We can get probability distributions that are not explicitly spelled out in our graph, as the marginal probability distribution of the variable <i>Offer</i>:


In [None]:
prob_offer = olympic_infer.query(variables = ['Offer'])
print(prob_offer['Offer'])


or the marginal probability distribution of the variable <i>Trials</i>:


In [None]:
prob_trials = olympic_infer.query(variables = ['Trials'])
print(prob_trials['Trials'])


But, the most common use is to propagate the observation of some variables. We can calculate the marginal probability of variable <i>Offer</i> given that the observed individual has no favorable genetics:


In [None]:
prob_offer_bad_genes = olympic_infer.query(
                                        variables = ['Offer'], 
                                        evidence = {'Genetics':1})
print(prob_offer_bad_genes['Offer'])


The probability of obtaining an offer increases when the individual has good genetics and does practice:


In [None]:
prob_offer_good_genes_did_practice = olympic_infer.query(
                                        variables = ['Offer'], 
                                        evidence = {}) #### YOUR CODE HERE ####
print(prob_offer_good_genes_did_practice['Offer'])


These two queries are examples of <b>causal reasoning</b>.

We can also go upstream logically as in <b>evidential reasoning</b>. For example, evidence about a great performance at the Olympic trials affects the probability distribution of <i>Genetics</i> variable:


In [None]:
prob_good_genes_if_amazing_olympic_trials = olympic_infer.query(
                                        variables = ['Genetics'], 
                                        evidence = {'Trials':2})
print(prob_good_genes_if_amazing_olympic_trials['Genetics'])
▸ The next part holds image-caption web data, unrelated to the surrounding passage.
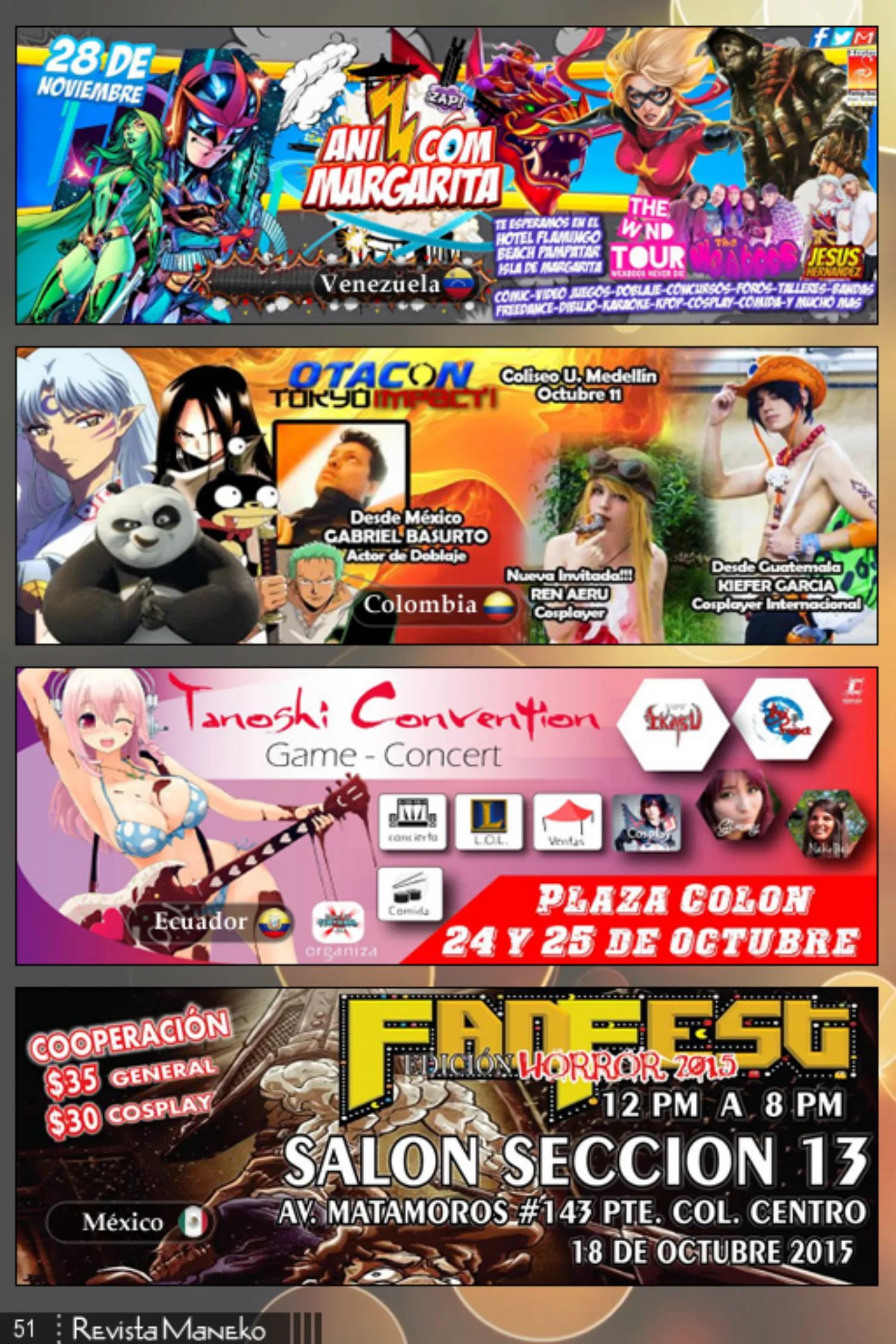 Revista Maneko N°38 página 52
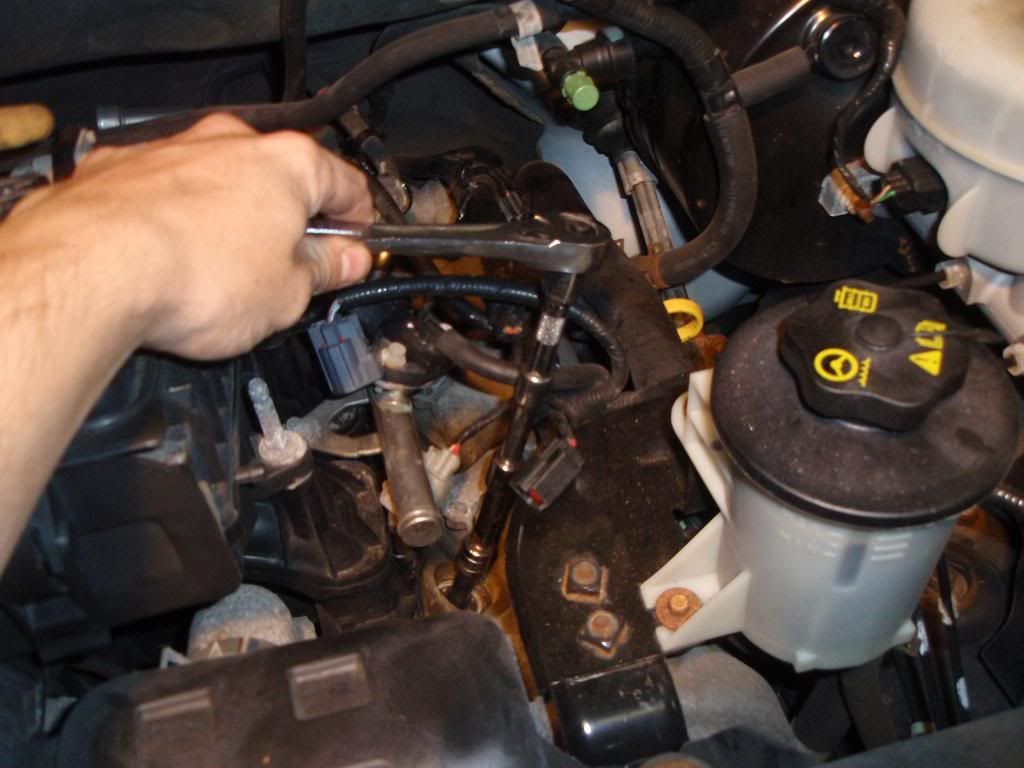 How To Spark plug change20042008 5.4 3V V8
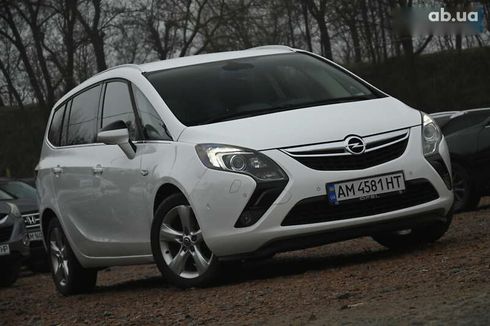 Opel Zafira 2014 - фото 2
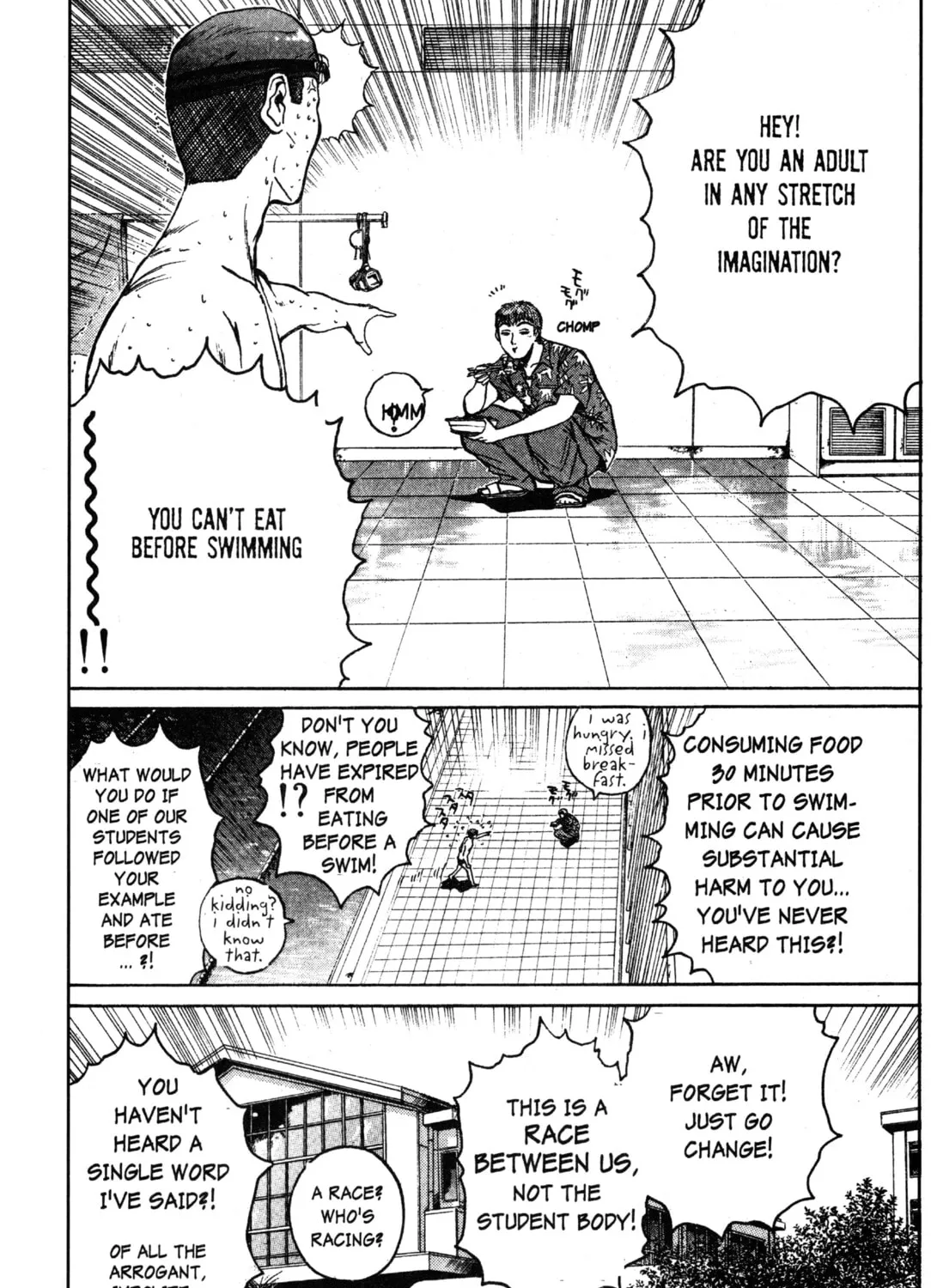 GTO: Great Teacher Onizuka Chapter 29 page 7 -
Finally, the <b>intercausal reasoning</b> is related with the study of two variables that are parents of a third variables (v-structure of <i>Genetics => Trial <= Practice</i>). If we have evidence only about one of the parents, as they are independent, that evidence would have no effect on the probability distribution of the other variable. 

Once the variable <i>Trial</i> is also observed, both parents become dependent and the evidence about <i>Practice</i> does affect the marginal probability distribution of <i>Genetics</i>:

In [None]:
prob_good_genes_if_no_practice = olympic_infer.query(
                                        variables = ['Genetics'], 
                                        evidence = {'Practice':1})
print(prob_good_genes_if_no_practice['Genetics'])

prob_good_genes_if_no_practice_and_great_perf = olympic_infer.query(
                                        variables = ['Genetics'], 
                                        evidence = {'Practice':1,'Trials':2})
print(prob_good_genes_if_no_practice_and_great_perf['Genetics'])


As one can imagine, if someone performs great in the Olympic trials withtout practice, that person must have very favorable genetics!


<hr />

## Exercices

- Which is the probability of having a regular-performance trial for someone that does practice but has not appropriate genetics?

- Which is the probability of receiving an offer just having good genetics? And having bad genetics?

- Which is the probability of requiring large practice for having a great performance in the Trials without appropriate genetics?